__What this task involves__. Restate the listing below word for word. No picture belongs in the result.

__Supplied data__.
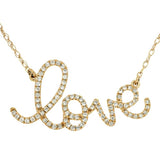 14K Yellow Gold Natural Diamonds 'love' Necklace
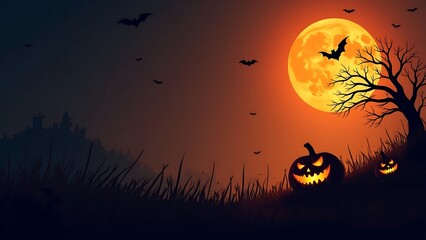 halloween background with pumpkin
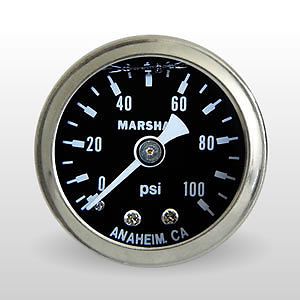 Marshall gauge 0-100 psi 1.5&#034; diameter liquid 1/8&#034; npt black fuel pressure gauge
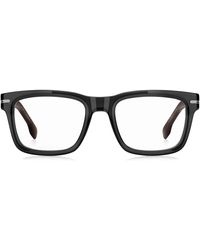 BOSS - Optisch Montuur Van Grijs Acetaat Met Dessin Op De Uiteinden - Lyst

__Result of the task__.
 14K Yellow Gold Natural Diamonds 'love' Necklace
 halloween background with pumpkin
 Marshall gauge 0-100 psi 1.5&#034; diameter liquid 1/8&#034; npt black fuel pressure gauge
 BOSS - Optisch Montuur Van Grijs Acetaat Met Dessin Op De Uiteinden - Lyst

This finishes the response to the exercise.